It’s been reported that President Trump is attending this year. What do you hope he and his Administration take away from Davos?
Our theme is “A Spirit of Dialogue,” and we know that President Trump [and his] secretaries are very much into dealmaking, and to make deals, you have to have a dialogue. Hopefully there will be opportunities for agreements in the years to come that strengthen growth, prosperity, and peace. The Gaza agreement that was put in place by the U.S. is something positive, and we would like to see more of that kind of U.S. leadership going forward.
What’s your assessment of the role that Saudi Arabia and its leadership is playing on the global stage today?

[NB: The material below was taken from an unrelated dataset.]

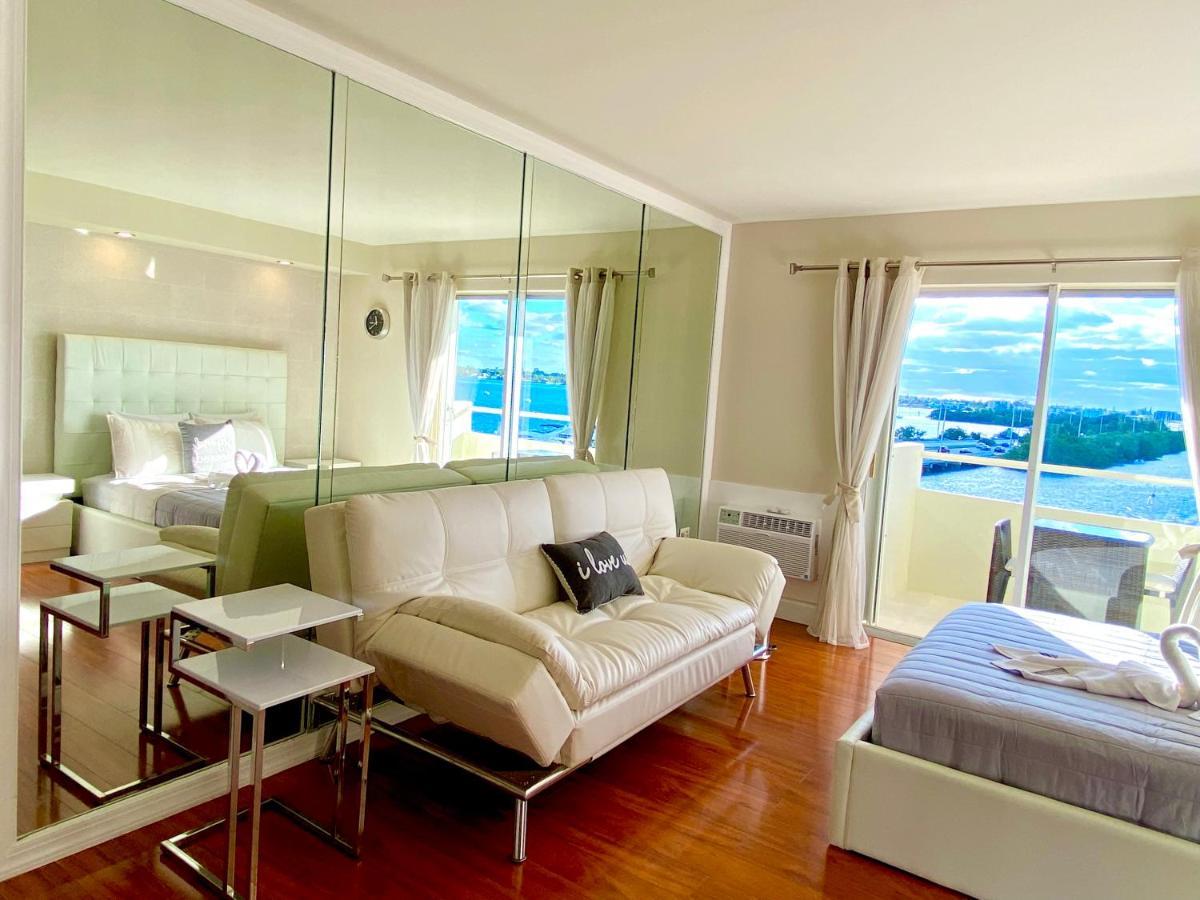 Modern Waterfront Apartment With Miami Skyline View, Free Parking 5 Mins Drive To Miami Beach Luaran gambar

The blueprint that they developed [Vision 2030] is a plan to improve the competitiveness of the kingdom’s economy, and they’ve made progress along many of these objectives. The role of women is very much changed. The service economy is growing, tourism is growing. What’s interesting is that the kingdom has pivoted from a focus on the geopolitics in the region to much more on how to improve the lives of the young population in Saudi Arabia, how to empower people, how to invest in the future, so they will be a prosperous country when the traditional revenues, sooner or later, go down.
Now under a new leadership structure, what needs to change about the World Economic Forum?
Don’t repair what is not broken. The World Economic Forum has been a trusted impartial platform for dialogue for more than 50 years. But the world has changed, from [one] based on strong multi-lateralism and globalization to [one] where we see countries focusing on their national interests. The World Economic Forum also has to be very realistic about what we can achieve. We are not an intergovernmental organization. Our platform brings all the key players in the world on it, being China, U.S., Europe, businesses, governments. Even under more challenging circumstances when it comes to pursuing dialogue, we can still create and enable discussions that can lead hopefully to constructive cooperation in the future, also addressing some of the key solutions that we that we need. That’s what we’re aiming for.